Enforcement branch officers probing a paddy procurement scam that could run into several hundred crores found the rice in South 24-Parganas Baruipur last week.
Our officers raided the Confed godown and seized 500 tonnes of rice. This is the first time we have got hold of such a huge unauthorised stock since the scam was detected, enforcement branch additional director-general Bhupinder Singh told The Telegraph.
The rice should have gone to ration shops.
The godown secretary is absconding. Raids are being conducted across Bengal. Confed officials, in collusion with Food Corporation of India and district co-operative officers and rice mill owners forged papers to show higher paddy and rice stocks, Singh added.
Food minister Paresh Adhikary admitted that a section of his department was involved in the scam. He had last month ordered an internal probe.
Police stumbled on the pilferage in August. Investigations revealed that government officials had colluded with mill owners to deny farmers the minimum support price. Paddy was procured at Rs 400 a quintal, instead of Rs 590 as promised by the government.
We are now collecting papers relating to this years paddy procurement, said Adhikary. He has taken up with cooperation minister Rabin Ghosh the alleged involvement of Confed employees in the scam.
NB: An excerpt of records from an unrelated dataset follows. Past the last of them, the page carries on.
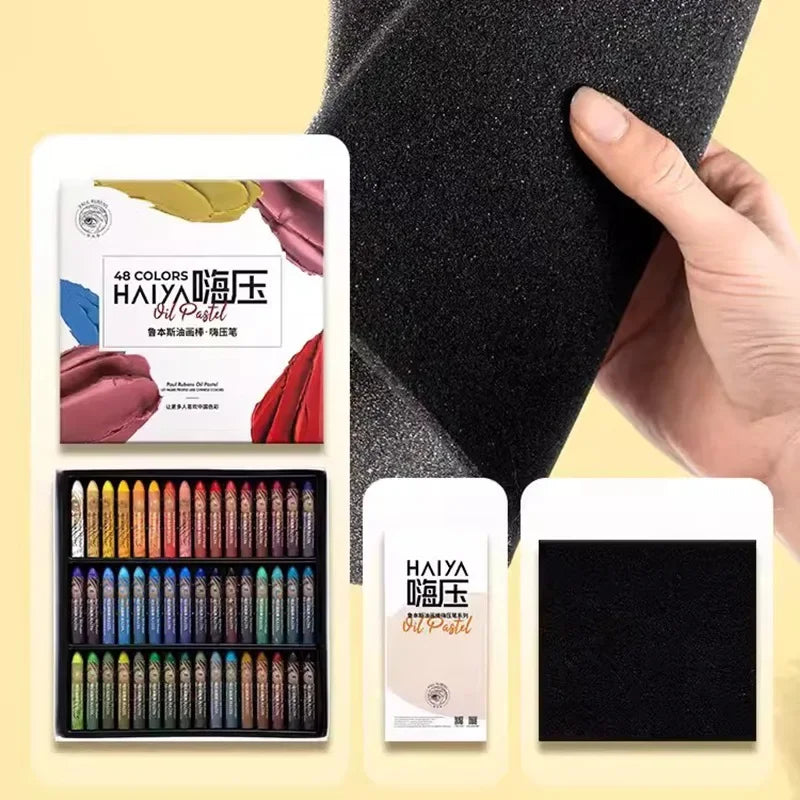 Paul Rubens Super Soft Oil Pastel Set (24–72 Colors)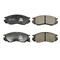 High Quality Ceramic Brake Pad For MITSUBISHI - img2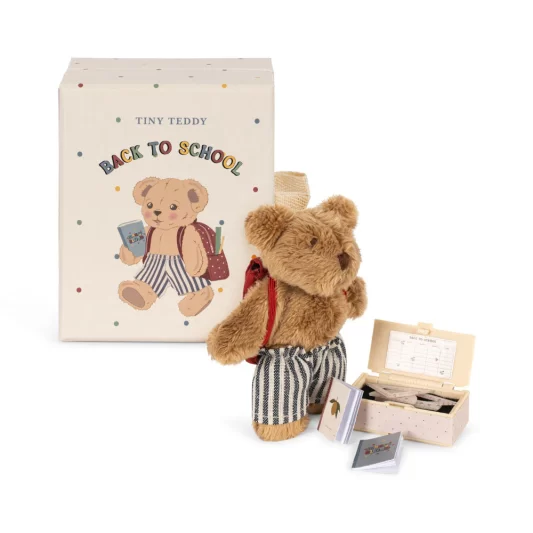 Konges Sløjd Tiny Teddy Back to School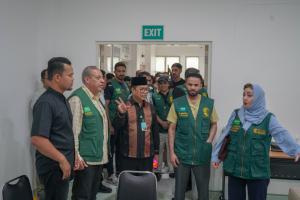 Sambut Tim KSrelief, RS M. Djamil Perkuat Kolaborasi Bedah Jantung Anak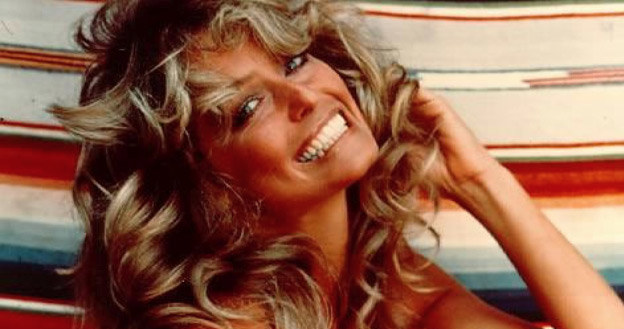 Farrah Fawcett na zdjęciu, które uczyniło ją ikoną lat 70. /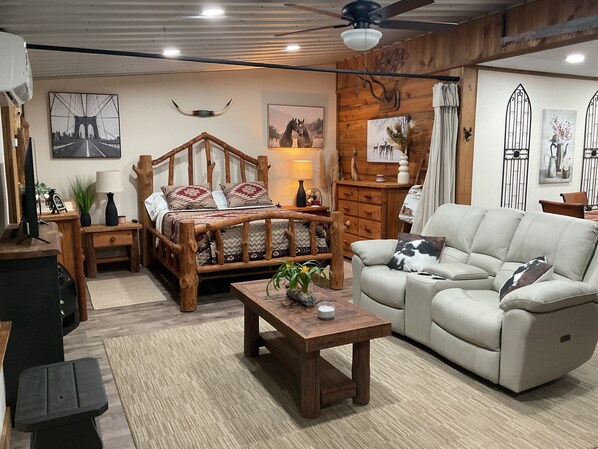 2 chambres, fer et planche à repasser, accès au Wi-Fi (inclus)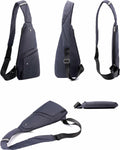 Sling Bag Anti Theft Crossbody Lightweight Travel Shoulder Daypack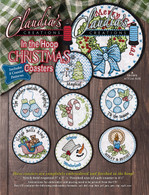 In the Hoop Christmas Coasters Machine Embroidery CD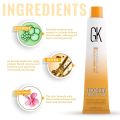 Global Keratin GK Hair Golden Juvexin Cream Colors - 5 Shades (100ml/3.38 fl. oz). 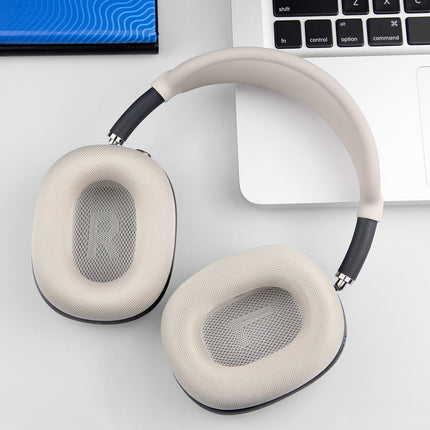 SOPROM kõrvapadjade vahetus Airpods Max kõrvaklappidele, kõrvapadjad vastupidava võrguga, pehmema vahuga, mürasummutusega ja higikindlad - Starlight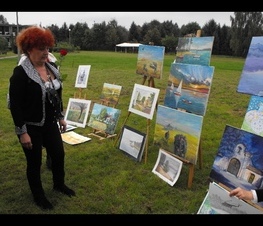 Zdjęcie z galerii: III Ogólnopolski Plener Malarski - Borki 2010 - 05-12.09.2010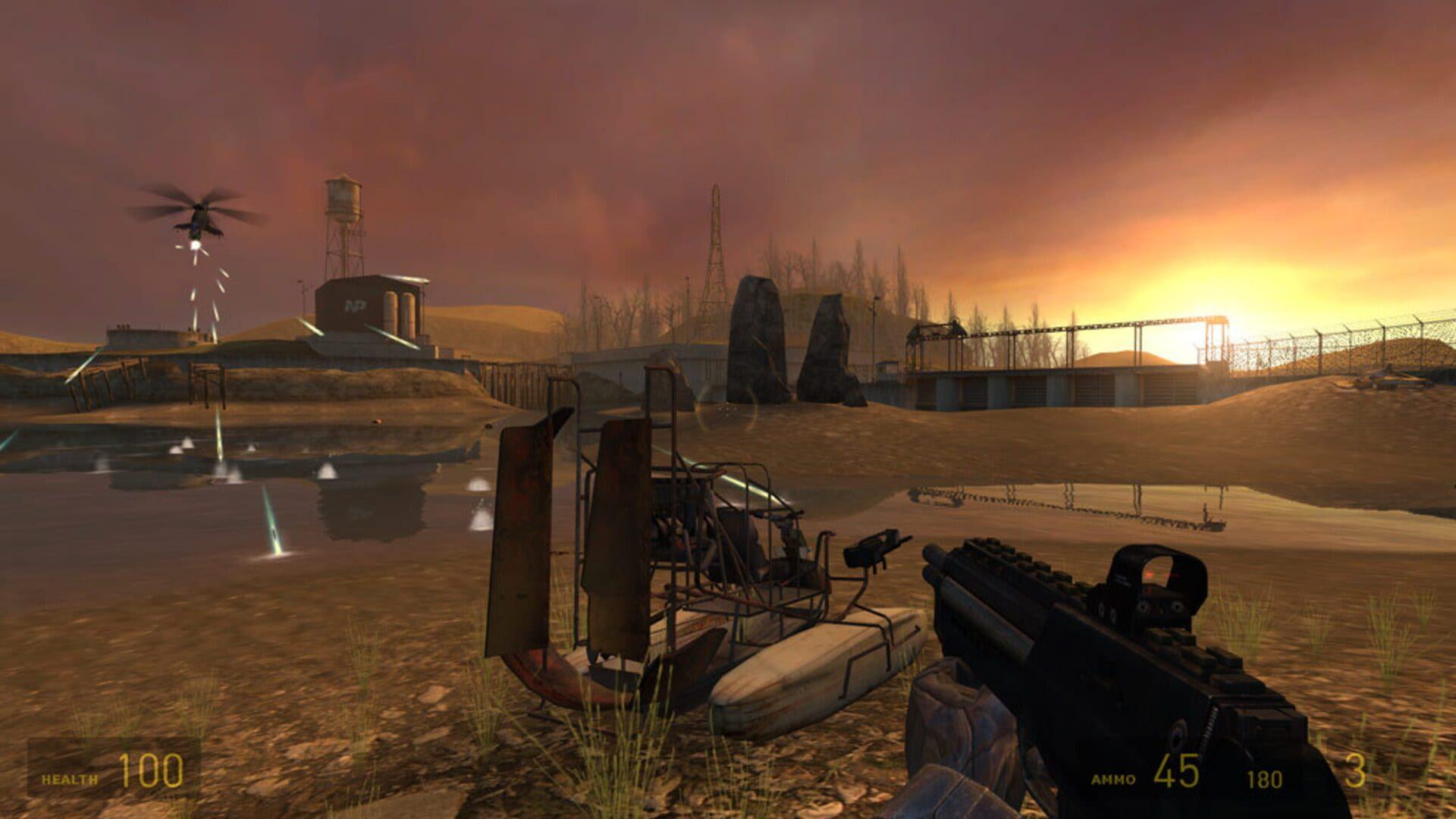 Half-Life 2 - główny screenshot z gry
Confed procures paddy on behalf of the FCI from farmers at prices fixed by the government and sends it to mills where it is processed into rice. The rice goes to FCI warehouses on the way to ration shops.
Figures about rice stocks were fudged when starvation deaths were making news headlines in the state. In August, Anchala Pramanick, 45, died in West Midnapore after living on water for a week. Hundreds there live on a single meal.